(ANSAmed) - TUNISI - Un 50enne svedese è stato recentemente condannato in Tunisia a due anni di prigione per atti omosessuali. Lo prevede l'art. 230 del codice penale tunisino che recita testualmente: "l'atto omosessuale maschile (liwat) e femminile (mousahaqa) è punito con la reclusione fino a tre anni". La norma pero' presta il fianco a molteplici critiche per la sua genericità. Infatti la suddetta genericità, spiega ad ANSAmed l'avv. Giorgio Bianco di Tunisi, così come ingloba nel suo alveo un ampio ventaglio di atti e azioni sanzionabili, al contempo offre anche maggiori possibilità di difesa tecnico-giuridica.
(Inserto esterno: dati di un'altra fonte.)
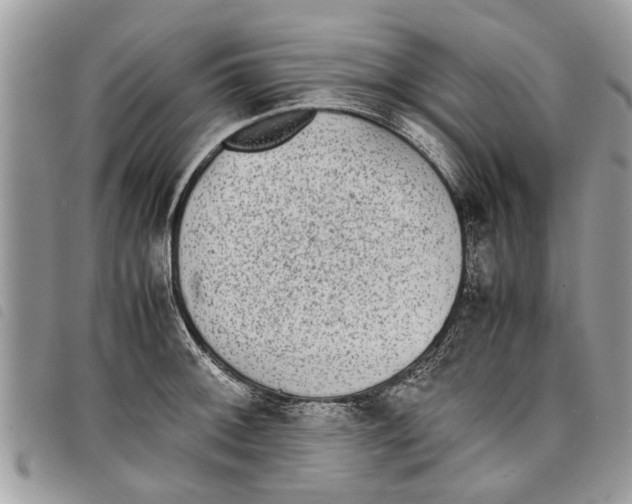 X0000097801092200804110918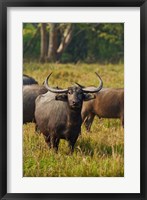 Wild Buffalo in the grassland, Kaziranga National Park, India Fine Art Print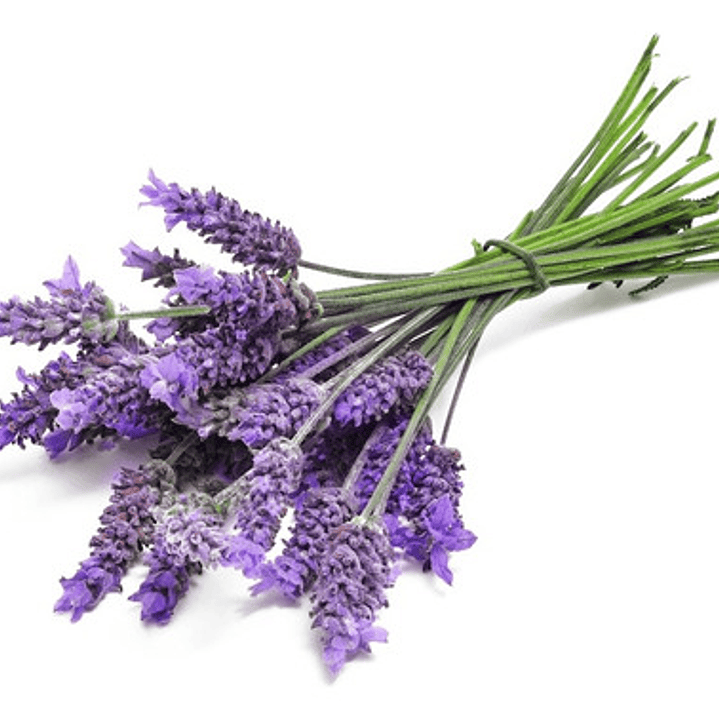 Lavanda Francesa Planta Ornamental 1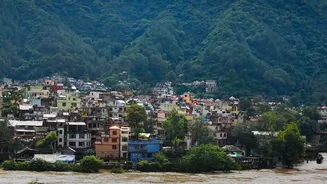 A Practical Guide To Managing Musty Smells During India's Monsoon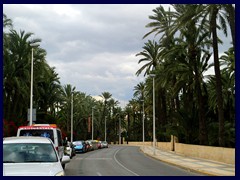 Elche City Centre 08 - Palms on both sides of Carrer Porta de la Morera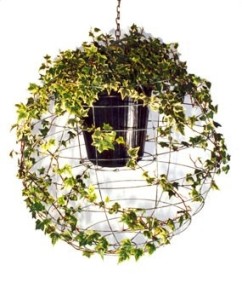 Vine Lantern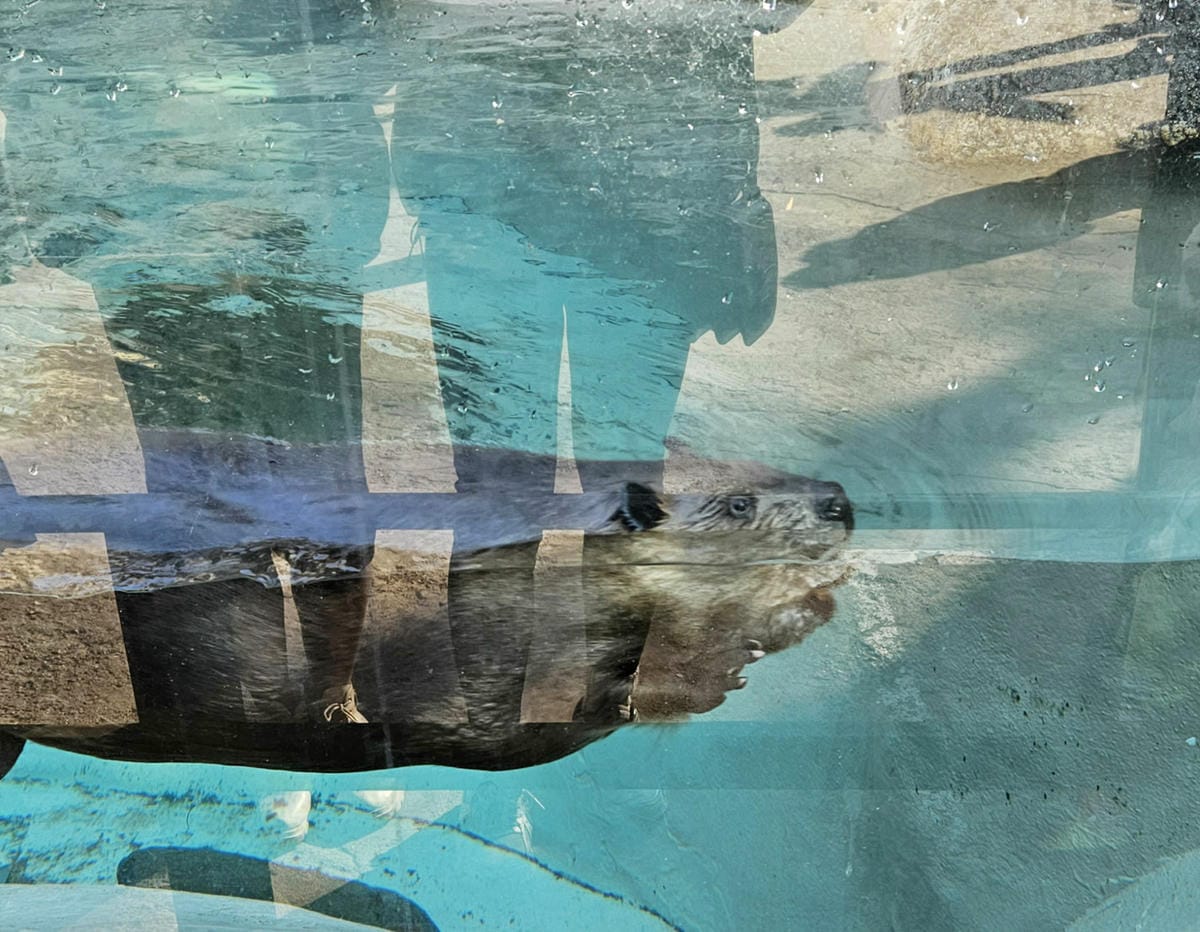 河狸,愛寶動物園,愛寶樂園韓國行 河狸,愛寶動物園,愛寶樂園韓國行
Infatti l'unico (o quasi) modo per sanzionare uno o più soggetti, rei di aver commesso quanto previsto dal dettato normativo sopra indicato, deve essere quello di coglierli in flagranza di reato. Tale situazione è sicuramente poco frequente, ma non così rara come si potrebbe pensare, soprattutto in questo Paese divenuto ormai meta sempre più frequente del turismo omosessuale europeo. Si consideri che l'omosessualità in sé, e dunque l'orientamento sessuale, non è punita, è solo l'atto sessuale ad essere sanzionato.

Il caso dello svedese condannato, confermato anche dalla diplomazia svedese, ha riacceso il dibattito sulla depenalizzazione in Tunisia della norma soprarichiamata e sulla lotta "discreta" che gli attivisti delle associazioni Lgbt (lesbiche, omosessuali e transessuali), compiono dal 2011 in poi soprattutto sul web. Infatti se e' vero che la comunità Lgbt a Tunisi è sempre esistita, e' solo dopo la rivolta del 2011 che ha cominciato a far sentire apertamente la sua voce, grazie anche alla acquisita maggiore libertà di espressione.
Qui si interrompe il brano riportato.